<<<<

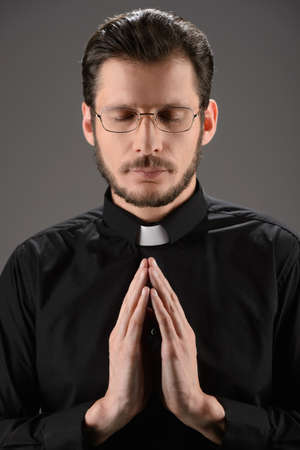 Priest praying to God. Portrait of priest praying while standing isolated on blackの写真素材
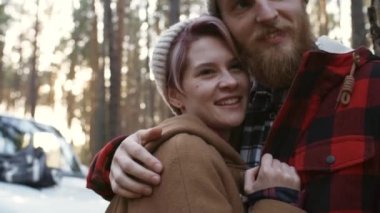 Sevgili çiftin sonbaharda güzel bir ormanda eğlenirken, birbirlerine sarılırken, konuşurken ve gülümserken, el kamerasıyla çekilen orta ölçekli fotoğrafı.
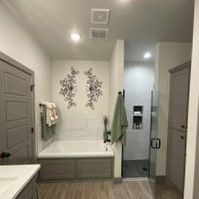 A bathroom with a tub , sink , and shower.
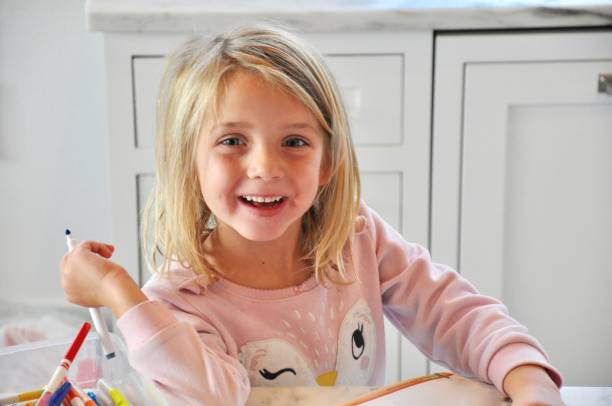 istock Young Girl doing homework at kitchen counter 1287437284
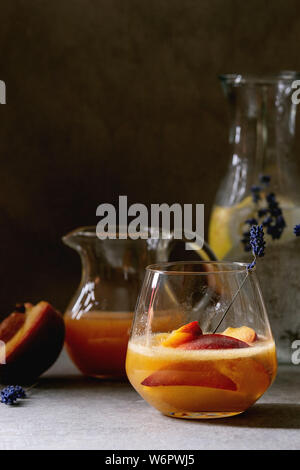 Peach Bellini cocktail froid limonade ou avec des fleurs de lavande servi dans deux verres avec cruche de jus de citron et pesh le soda sur ta texture sombre Banque D'Images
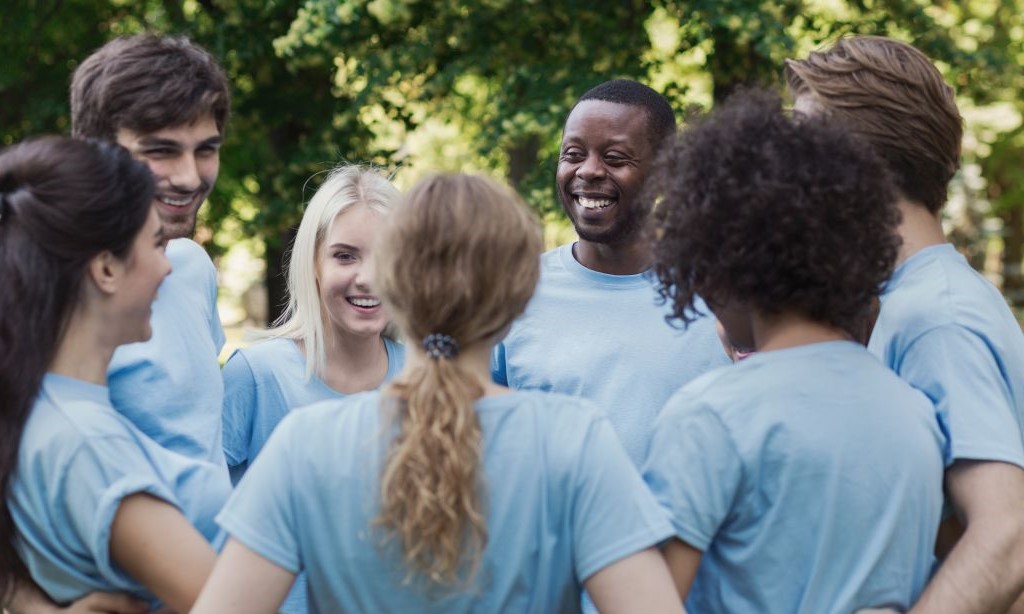 Sieben Personen in blauen T-Shirts stehen im Kreis und haben die Arme umeinander gelegt, während sie reden. 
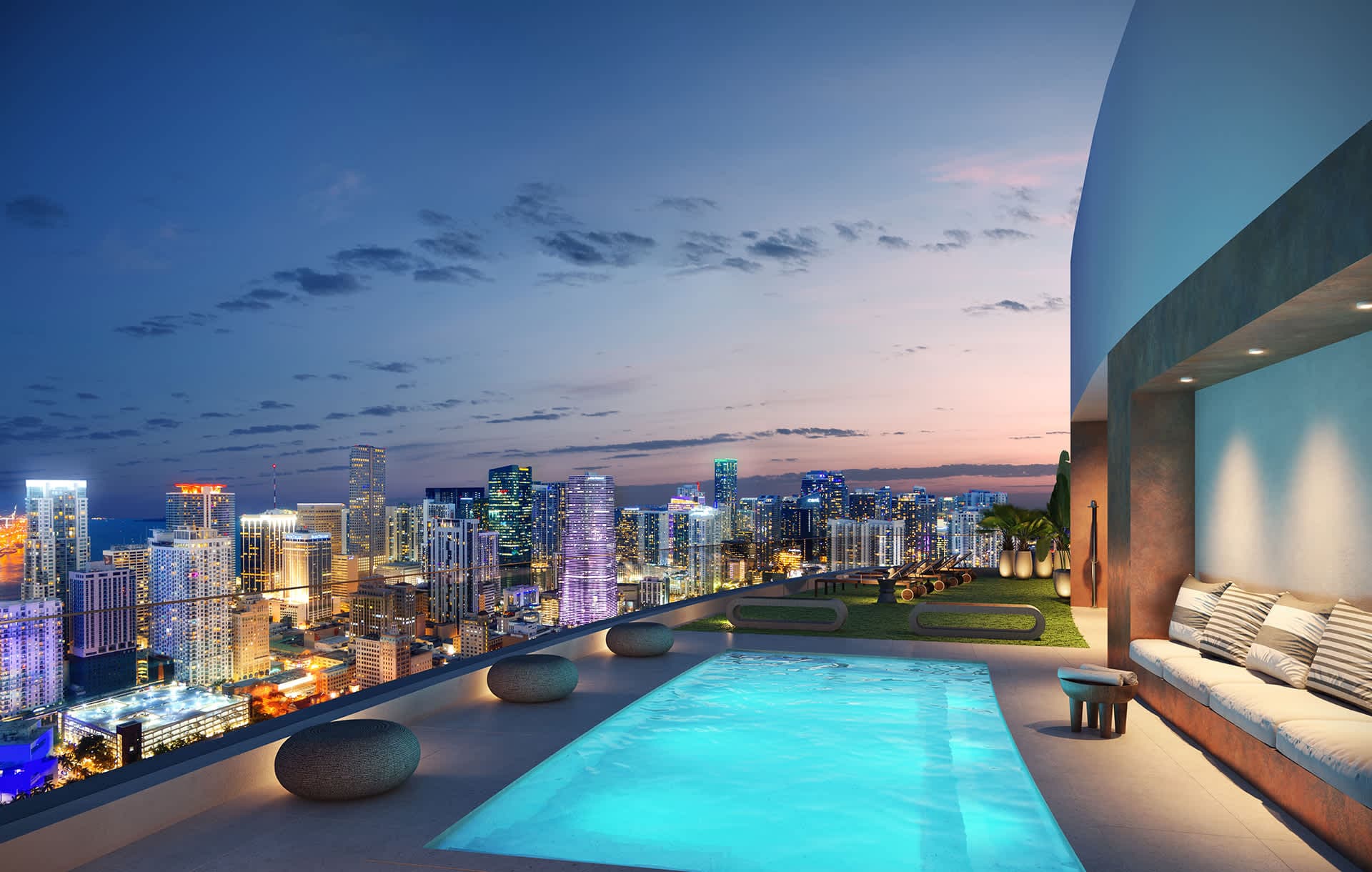 The rooftop infinity pool at sunset at District 225, Downtown Miami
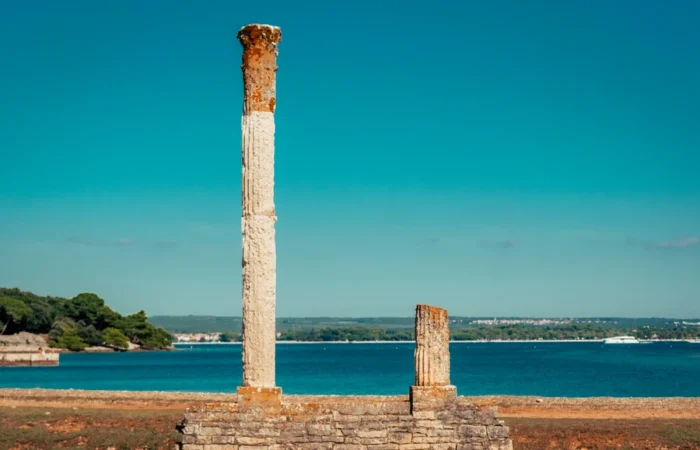 Ancient Roman ruins and weathered columns by the sea on Brijuni Island, Croatia, with turquoise water and distant coastline - historic landmark and tranquil UNESCO attraction in Istria.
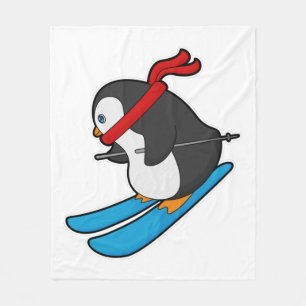 Pinguin als Skifahrer mit Ski Fleecedecke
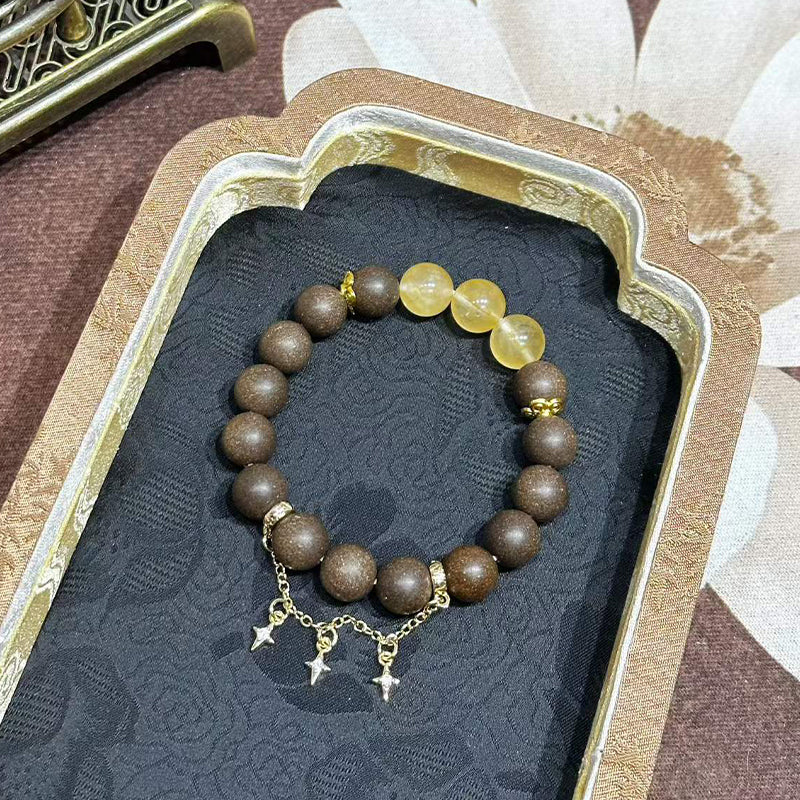 Han Palace Skin Scent R-B49 丨Dark Brown Plant Aroma Wrist Beads with Clear Yellow Crystal & Star Metal Charms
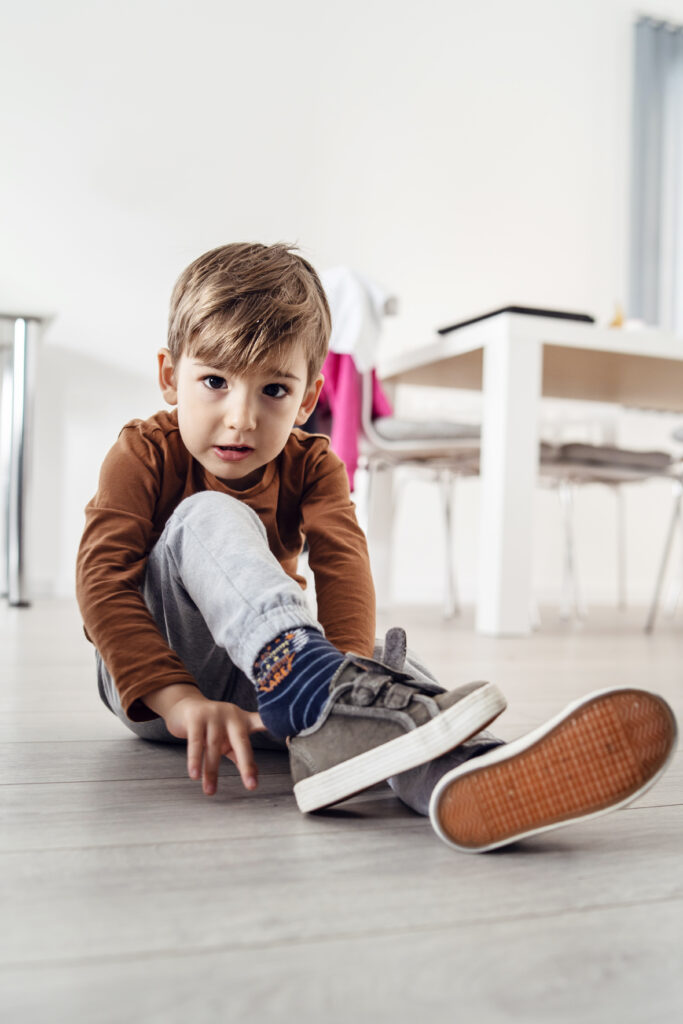 Vedere pe toată lungimea unui băiețel caucazian drăguț, copil mic, care stă pe podeaua de lemn sau de vinil laminat acasă, punându-și sau scoate pantofii în vedere frontală singur
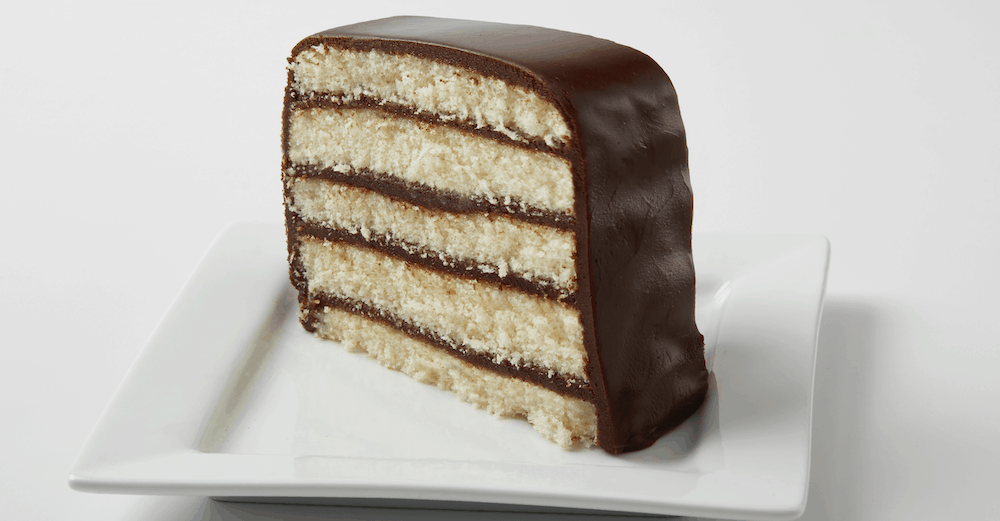 A vanilla cake with layers of chocolate frosting.
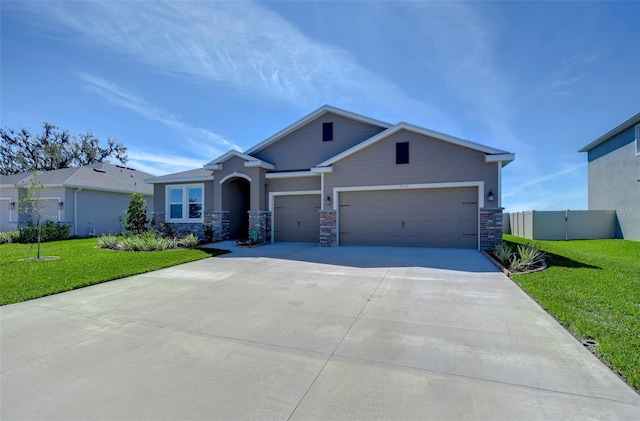 view of front of house with an attached garage, stone siding, concrete driveway, and a front yard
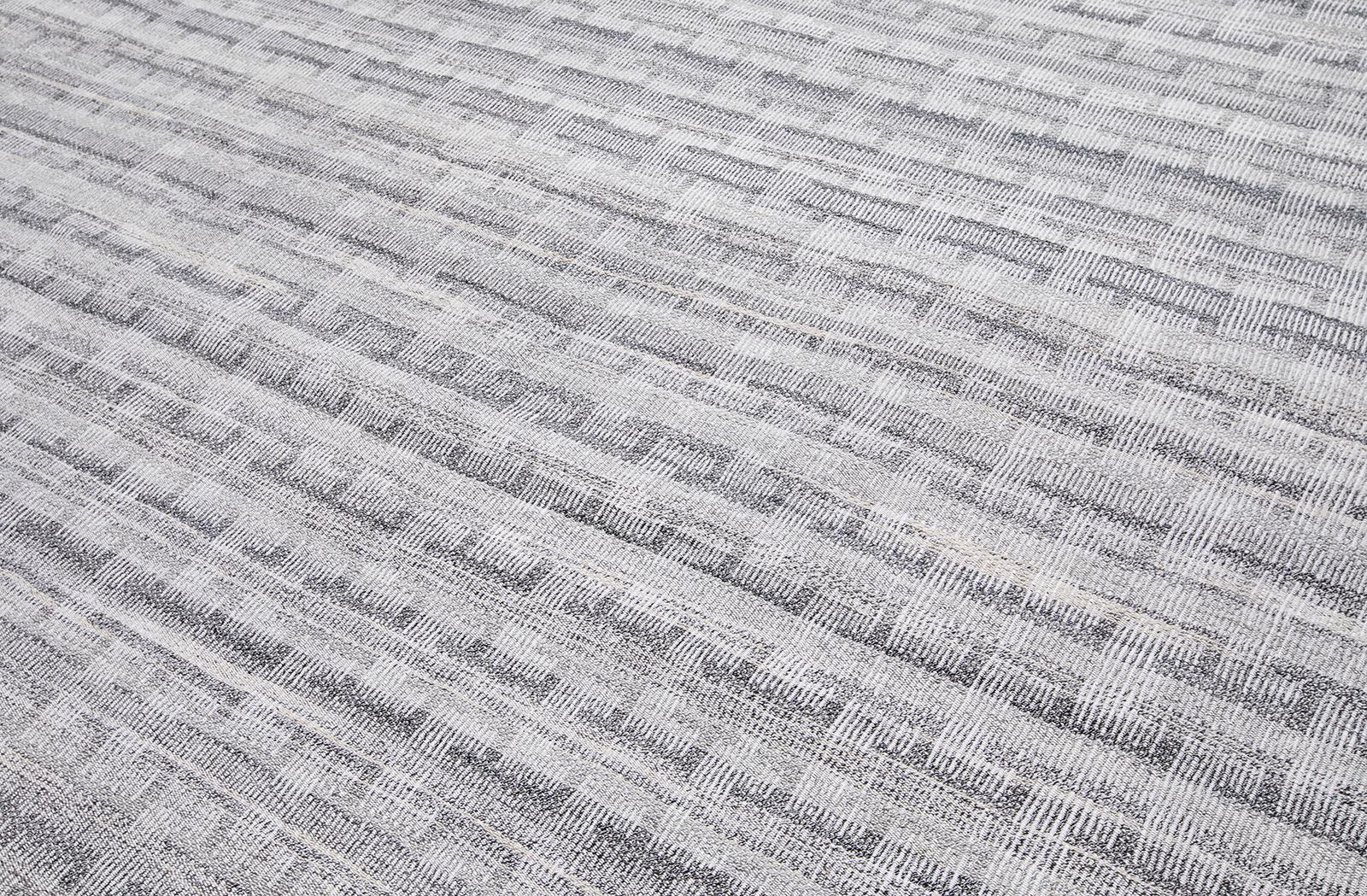 This modern flat-weave rug is crafted with hand-carded, hand-spun wool and cotton using ancient weaving techniques by village artisan craftsmen in Afghanistan. Custom sizes and colors available. Rug size: 10' x 13'11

>>>>

Copy exactly, and only, the lines from the line containing "Peach Bellini cocktail" through the final line of the material above, with no pictures.

• _Solution to the problem_
 Peach Bellini cocktail froid limonade ou avec des fleurs de lavande servi dans deux verres avec cruche de jus de citron et pesh le soda sur ta texture sombre Banque D'Images
 Sieben Personen in blauen T-Shirts stehen im Kreis und haben die Arme umeinander gelegt, während sie reden. 
 The rooftop infinity pool at sunset at District 225, Downtown Miami
 Ancient Roman ruins and weathered columns by the sea on Brijuni Island, Croatia, with turquoise water and distant coastline - historic landmark and tranquil UNESCO attraction in Istria.
 Pinguin als Skifahrer mit Ski Fleecedecke
 Han Palace Skin Scent R-B49 丨Dark Brown Plant Aroma Wrist Beads with Clear Yellow Crystal & Star Metal Charms
 Vedere pe toată lungimea unui băiețel caucazian drăguț, copil mic, care stă pe podeaua de lemn sau de vinil laminat acasă, punându-și sau scoate pantofii în vedere frontală singur
 A vanilla cake with layers of chocolate frosting.
 view of front of house with an attached garage, stone siding, concrete driveway, and a front yard
 This modern flat-weave rug is crafted with hand-carded, hand-spun wool and cotton using ancient weaving techniques by village artisan craftsmen in Afghanistan. Custom sizes and colors available. Rug size: 10' x 13'11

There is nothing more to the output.